2

I would like to classify a mail (spam = 1/ham = 0), using logistic regression. My implementation is similar to this implementation and using tensorflow.

A mail is represented as a bag-of-words vector, with each number in the vector representing how often a term appeared in a mail. The idea is to multiply that with a vector, and use the sign-function to turn regression into classification. $$y_{predicted} = \sigma(x_i^T\theta) $$, with $\sigma = \frac{1}{1 + e^{-x}}$. To calculate the loss, I am using the l2-loss (squared loss). Since I have a lot of trainig data, regularization seems not necessary (training and testing accuracy is always very close). Still I only get a max accuracy of about 90% (both training and testing).
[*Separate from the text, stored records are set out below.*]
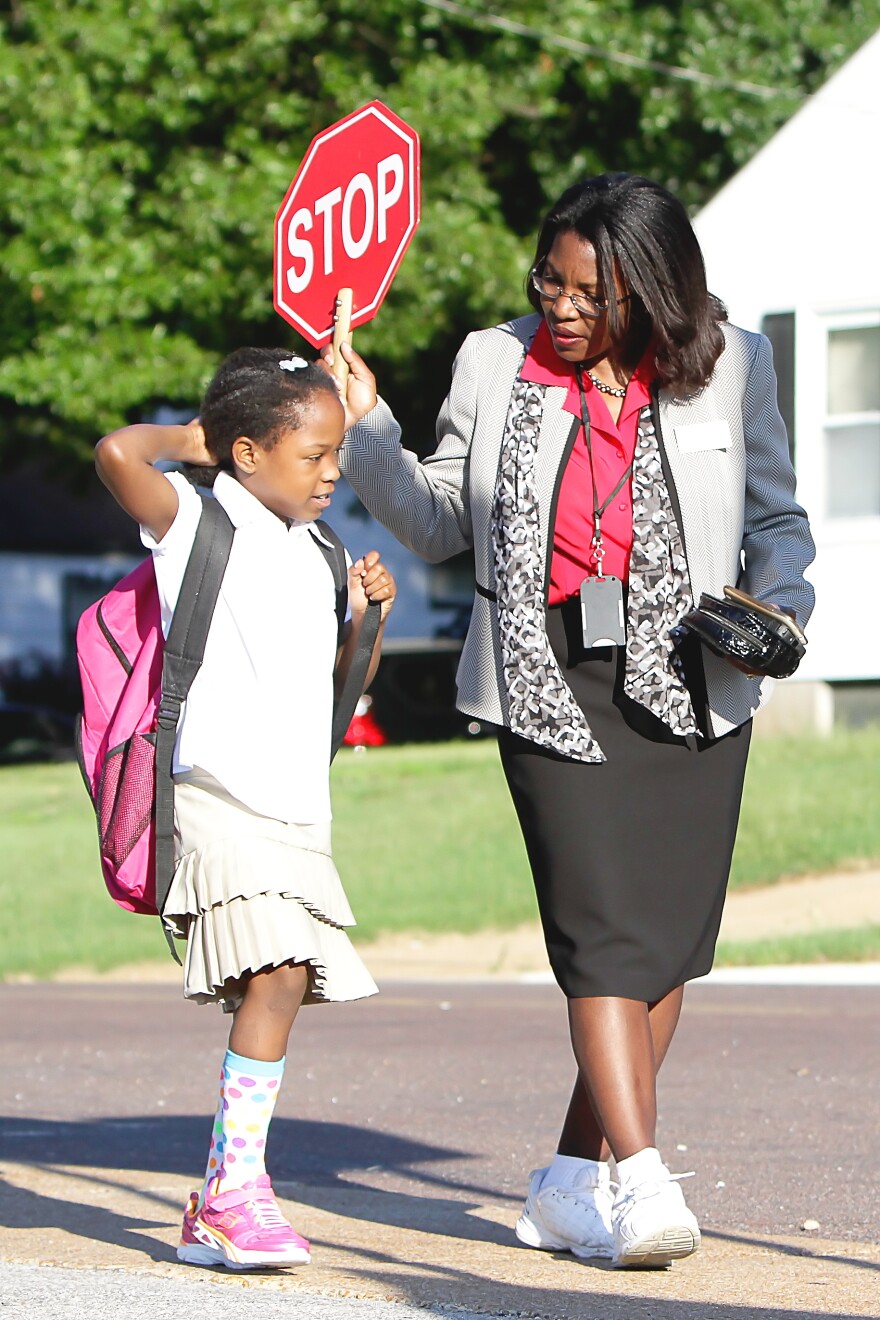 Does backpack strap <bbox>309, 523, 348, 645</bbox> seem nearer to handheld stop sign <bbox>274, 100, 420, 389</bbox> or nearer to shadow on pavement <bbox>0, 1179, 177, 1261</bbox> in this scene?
handheld stop sign <bbox>274, 100, 420, 389</bbox>

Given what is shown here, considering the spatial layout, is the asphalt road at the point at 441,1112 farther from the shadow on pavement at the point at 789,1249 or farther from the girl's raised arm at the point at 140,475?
the girl's raised arm at the point at 140,475

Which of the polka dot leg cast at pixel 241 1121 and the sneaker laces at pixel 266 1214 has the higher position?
the polka dot leg cast at pixel 241 1121

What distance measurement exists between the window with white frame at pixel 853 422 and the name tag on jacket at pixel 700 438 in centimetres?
1237

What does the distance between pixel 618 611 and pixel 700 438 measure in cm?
41

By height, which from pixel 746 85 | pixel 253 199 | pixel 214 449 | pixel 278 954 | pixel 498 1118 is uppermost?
pixel 746 85

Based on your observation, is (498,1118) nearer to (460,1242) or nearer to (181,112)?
(460,1242)

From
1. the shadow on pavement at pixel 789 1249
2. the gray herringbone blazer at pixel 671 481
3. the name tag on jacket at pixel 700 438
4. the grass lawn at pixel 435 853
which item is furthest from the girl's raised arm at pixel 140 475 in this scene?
the grass lawn at pixel 435 853

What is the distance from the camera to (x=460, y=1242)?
4352 mm

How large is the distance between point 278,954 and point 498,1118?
284cm

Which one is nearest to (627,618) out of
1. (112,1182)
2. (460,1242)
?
(460,1242)

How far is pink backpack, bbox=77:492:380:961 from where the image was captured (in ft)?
13.0

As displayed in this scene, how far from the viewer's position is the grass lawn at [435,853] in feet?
40.1

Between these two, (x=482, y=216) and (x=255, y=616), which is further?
(x=482, y=216)

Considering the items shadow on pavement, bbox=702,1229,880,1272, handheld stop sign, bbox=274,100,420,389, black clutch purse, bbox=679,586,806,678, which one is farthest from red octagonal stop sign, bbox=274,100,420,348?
shadow on pavement, bbox=702,1229,880,1272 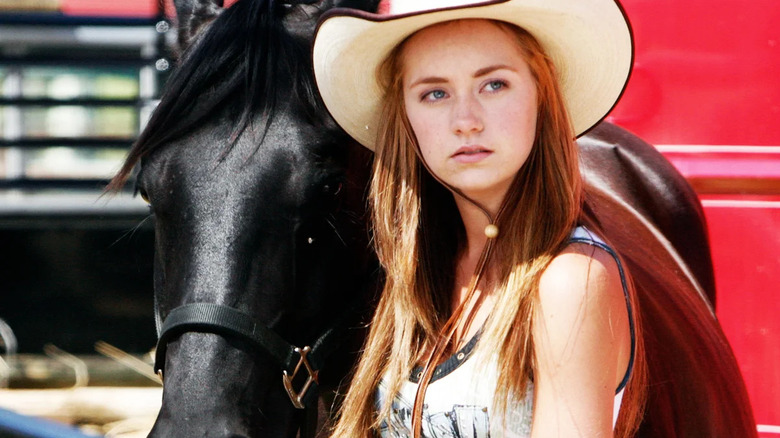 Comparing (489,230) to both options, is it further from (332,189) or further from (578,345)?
(332,189)

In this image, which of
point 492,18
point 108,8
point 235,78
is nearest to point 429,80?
point 492,18

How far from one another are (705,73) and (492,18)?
1.60m

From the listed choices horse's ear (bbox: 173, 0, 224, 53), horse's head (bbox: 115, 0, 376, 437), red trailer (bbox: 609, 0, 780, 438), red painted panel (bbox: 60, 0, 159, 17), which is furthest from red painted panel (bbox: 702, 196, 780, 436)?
red painted panel (bbox: 60, 0, 159, 17)

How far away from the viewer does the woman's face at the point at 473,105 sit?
1.30 metres

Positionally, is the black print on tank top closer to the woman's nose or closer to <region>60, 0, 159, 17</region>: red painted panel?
the woman's nose

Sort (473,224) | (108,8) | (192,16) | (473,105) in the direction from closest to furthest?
(473,105)
(473,224)
(192,16)
(108,8)

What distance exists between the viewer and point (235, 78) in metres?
1.69

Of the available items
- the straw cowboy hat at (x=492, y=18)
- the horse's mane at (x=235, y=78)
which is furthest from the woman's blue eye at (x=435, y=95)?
the horse's mane at (x=235, y=78)

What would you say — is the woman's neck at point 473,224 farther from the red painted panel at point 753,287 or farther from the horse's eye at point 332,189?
the red painted panel at point 753,287

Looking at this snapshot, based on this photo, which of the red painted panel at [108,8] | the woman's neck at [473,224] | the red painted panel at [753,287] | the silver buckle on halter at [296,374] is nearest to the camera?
the woman's neck at [473,224]

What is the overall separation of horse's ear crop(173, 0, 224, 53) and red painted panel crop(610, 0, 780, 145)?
55.0 inches

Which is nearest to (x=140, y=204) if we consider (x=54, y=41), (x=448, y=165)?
(x=54, y=41)

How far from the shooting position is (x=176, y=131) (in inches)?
65.5

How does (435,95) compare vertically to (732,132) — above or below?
above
How can I improve this?

I already tried the following:

  • Use regularization, L1, L2 with different strength (seems not necessary)

  • Use different learning rates

  • Use gradient descent, stochastic gradient descent and batch gradient descent (the hope is to avoid local minima in the loss-function, by introducing more variance with stochastic/batch gradient descent)

  • create more training data (classes were disbalanced 80/20 spam/ham), using SMOTE

Things that I could still try:

  • use a different loss function

Any other suggestions?

Sycorax
  • 76,417
  • 20
  • 189
  • 313
User12547645
  • 143
  • 5

1 Answers1

6

L2 loss for logistic regression is not convex, but the cross entropy loss is. I’d recommend making the switch because convexity is a really nice property to have during optimization. Convexity implies that you don’t have to worry about local minima because they don’t exist by definition.

A nice discussion of the mathematics comparing the convexity of log loss to the non-convexity of L2 loss can be found here: What is happening here, when I use squared loss in logistic regression setting?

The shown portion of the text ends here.